Answer: XOR(a,b) = a.!b + !a.b. Remember that ! has the highest precedence and then . followed by +.

Complement of XOR(a,b) = 1(a.!b + !a.b) call it (Expression 1)

Dual of XOR(a,b) = (a + !b) . (!a + b) call it (Expression 2)

We need to show that Expresions 1 and 2 are equal to each other.

Let's expand Expr. 1

Expr. 1 = !(a.!b) . !(!a.b) (use De Morgan's Law) = (!a + b) . (a + !b) (use De Morgan's one more time) = (a + !b) . (!a + b) (from commutativity of AND) = Expr. 2

**Q54:**
Using Boolean Algebra show that
abd+a'bc'd+ab'cd = d(b(a+c')+ac).

Answer:

(1) abd+a'bc'd+ab'cd = (ab +a'bc' +ab'c)d = d(ab +a'bc' +ab'c) (2) ab +a'bc' +ab'c = ab +ab'c +a'bc' = a(b +b'c) +a'bc' (3) b +b'c = b.1 +b'c = b(1+c) +b'c = b +bc +b'c = b +(b+b')c = b +1.c = b +c plug (3) in (2) and (2) becomes a(b+c) +a'bc' (2) a(b+c) +a'bc' = ab +ac +a'bc' = ab +a'bc' +ac = b(a+a'c') +ac = b(a+c') +ac plug (2) in (1) and (1) becomes d(b(a+c') +ac) which is the same as the right hand in the question.

**Q55:**
Give me a Boolean expression of inputs for the
output of the circuit in Figure "Muxes" below. (In the worst case, you
can construct truth table of the circuit and then write SOP or POS
from it and minimize it.)

Answer: The mux on the left hand serves as an AND and the mux on the rigght serves as OR. So the answer is z = y + ab.

**Q56:**
Simplify the Boolean expression (y+x).(x+y'+y'x).

**Q57:**
Show that the complement of an XOR (ie. XNOR) and dual of XOR are the
same thing.

Answer: XOR is ab'+a'b (in our above notation a.!b+!a.b). Dual is obtained by replacing "." with + and + with ".". Its dual is hence (a+b').(a'+b). The complement, however, is (from DeMorgan's Theorem) (ab'+a'b)'=(a'+b).(a+b'). Because of commutativity of ".", the two are equal. QED (means end of proof)

**Q58:**
Simplify the Boolean expression (x+y).(x+y').

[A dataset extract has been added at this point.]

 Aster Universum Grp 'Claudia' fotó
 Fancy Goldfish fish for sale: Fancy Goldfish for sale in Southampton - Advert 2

Answer: Duality in Boolean Algebra says if "." has a distribution property over "+", then "+" has a distribution property over "." as well. Hence, (x+y).(x+y')=x+(y.y'). y.y' is a contradiction and hence is always false. x+(y.y')=x+0=x. So (x+y).(x+y')=x.

**Q59:**
Simplify the Boolean expression x.z+x.z'.

**Q60:**
Simplify the Boolean expression (y+x).(x+y'+y'x).

**Q61:**
Simplify the Boolean expression f=x.y+x.y' and
draw its circuit and mark x, y, f.

**Q62:**
Simplify the Boolean expression x.y +x.!y
+!x.y. In this expression ! (NOT) has the highest precedence, then
. (AND) and then + (OR) has precedence. Use only Boolean algebra.

* Gates Qs *

**Q63:**
The circuit below is set up to implement
a&b&c|d. (a) However, the person that set up the circuit made 4
mistakes. List the mistakes one by one and explain what they are. (b)
Draw the corrected circuit.

**Q64:**
Consider the chip below with two OR3 gates in
it. I would like to implement an OR4 (y=a|b|c|d) using this chip. Draw
the chip on your answer sheet and make the necessary connections
outside the chip so that it implements an OR4.

**Q65:**
Consider q=((!x+y)+z).w+u. (a) Draw the circuit with AND2, OR2, and INV
gates. Do not do any Boolean algebra manipulation. (b) Implement this circuit with nothing but
NAND2 gates.

Answer:

**Q66:**
I have an actual/physical chip with 2 AND3
gates in it. (The gates may be used separately.) How many pins does
chip have? Support your answer by drawing the gates and its pins
(ie. wires) and mark the pins with their names.

Answer:

**Q67:**
(a) Draw the circuit for a+b.(c^d).f with AND2,
OR2, and INV gates. (^ means XOR. Replace it with its AND2, OR2, INV
equivalent.) (b) Draw the circuit for the above Boolean function with
only NAND2 gates.

Answer: (a) The first circuit below is a direct representation of the above equation with complex gates (XOR2 and AND3). XOR2(a,b)=a'b+ab'. And AND3 can be expressed with 2 AND2 gates and the order of the variables in AND does not matter because AND is an asociative operation (birlesme ve degisme ozelligi vardir). When AND3 is expressed with AND2s and XOR2 is expresed with AND2s, OR2, and INVs using the equation we just presented, we get the second circuit below which is the answer to part a of this question.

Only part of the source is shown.